First of all I am not very experienced in markdown and couldn’t find a good answer for what I am looking to do or if this is possible currently.
When I write texts, I would like to be able to put in an image and when clicked let it redirect to te relevant article or website that describes the image.
Is it possible to embed an image (whether inline or referenced) and make that image redirect to a different URL?
I am trying to get my head around what you say: are you referring to something like
[![img alt description](image URI)](URL of the resource)
This will take an image and turn it into a hyperlink. Is it something that you are asking?

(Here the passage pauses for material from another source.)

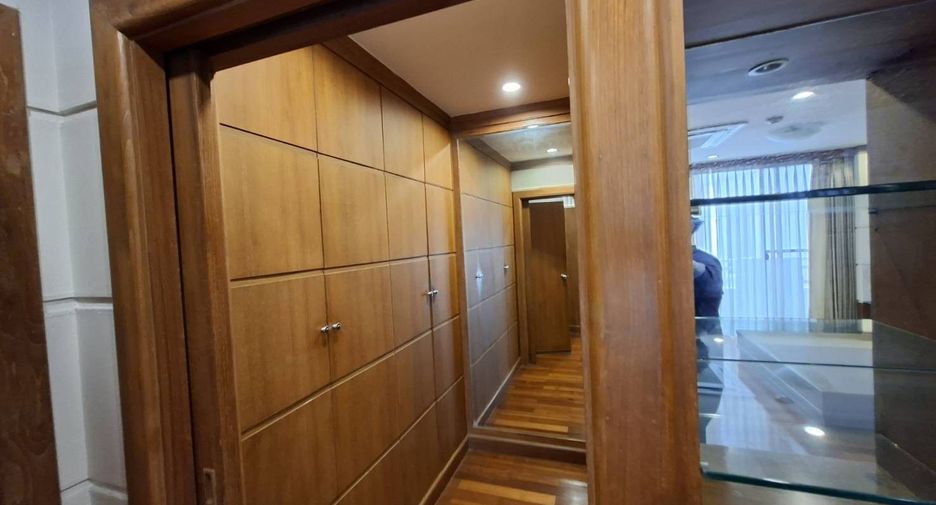 For rent 2 bedrooms apartment in Sathon, Bangkok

The Markdown in this case is more complicated than the HTML because Markdown optimizes simplicity for the overwhelmingly common case it targets (articles/content, not wrapping web page chrome). A website logo that links to the homepage is typically done in the wrapping template or even in the CSS, not in each page’s content.
HTML is sometimes more optimal for nested markup. Sometimes nesting makes Markdown hard to parse for humans or for machines, as @jgmhas pointed out. But mostly only in corner cases. Mostly.
So I think the Markdown syntax complexity in this case is fine. This is not an example of a Markdown flaw.
[![homepage]]: http://commonmark.org "Redirect to Homepage"
This doesn’t work in Commonmark because we don’t allow unescaped brackets in link labels.
I don’t entirely recall the reasons for this, but it’s something we could reconsider, since I agree that this is a nice syntax for this case, and it works in many other implementations.